◆ TRY IT: Return all of the data exactly, omitting any images.

◆ DATA SEGMENT:

----------

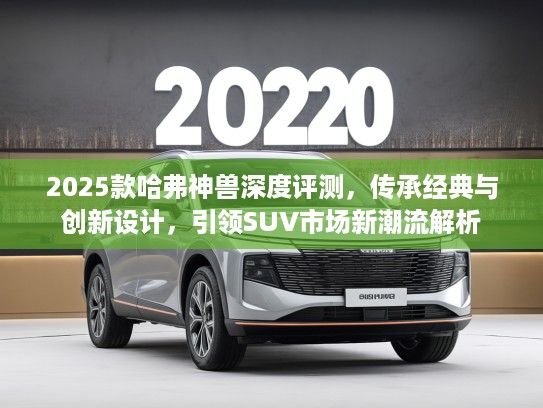 2025款哈弗神兽深度评测，传承经典与创新设计，引领SUV市场新潮流解析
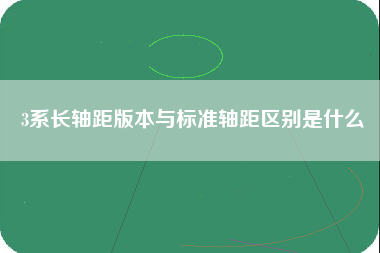 3系长轴距版本与标准轴距区别是什么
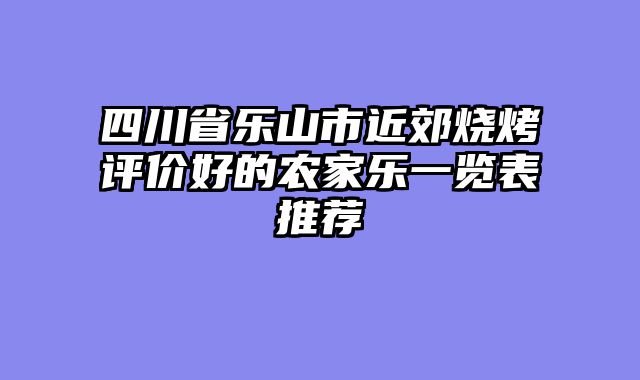 四川省乐山市近郊烧烤评价好的农家乐一览表推荐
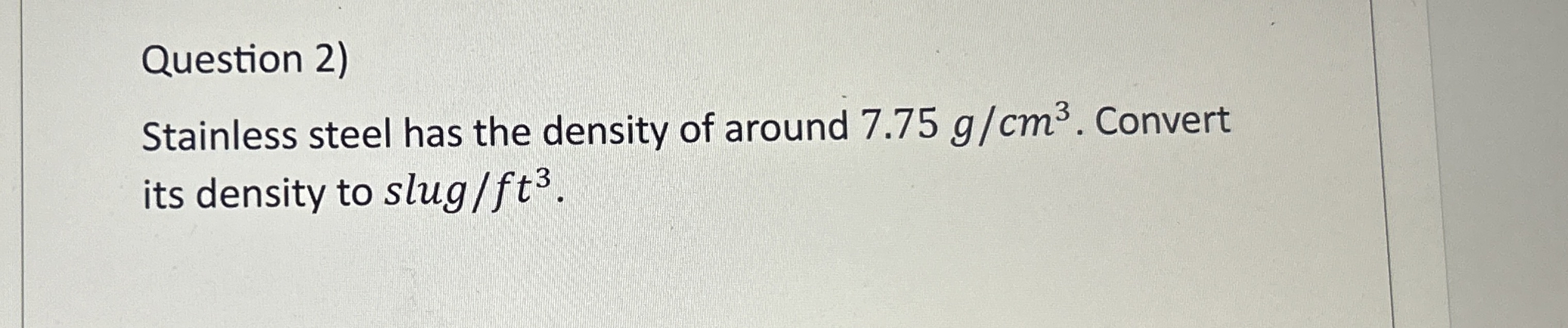 Question 2 ) Stainless steel has the density of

----------

◆ COMPLETED EXERCISE:
 2025款哈弗神兽深度评测，传承经典与创新设计，引领SUV市场新潮流解析
 3系长轴距版本与标准轴距区别是什么
 四川省乐山市近郊烧烤评价好的农家乐一览表推荐
 Question 2 ) Stainless steel has the density of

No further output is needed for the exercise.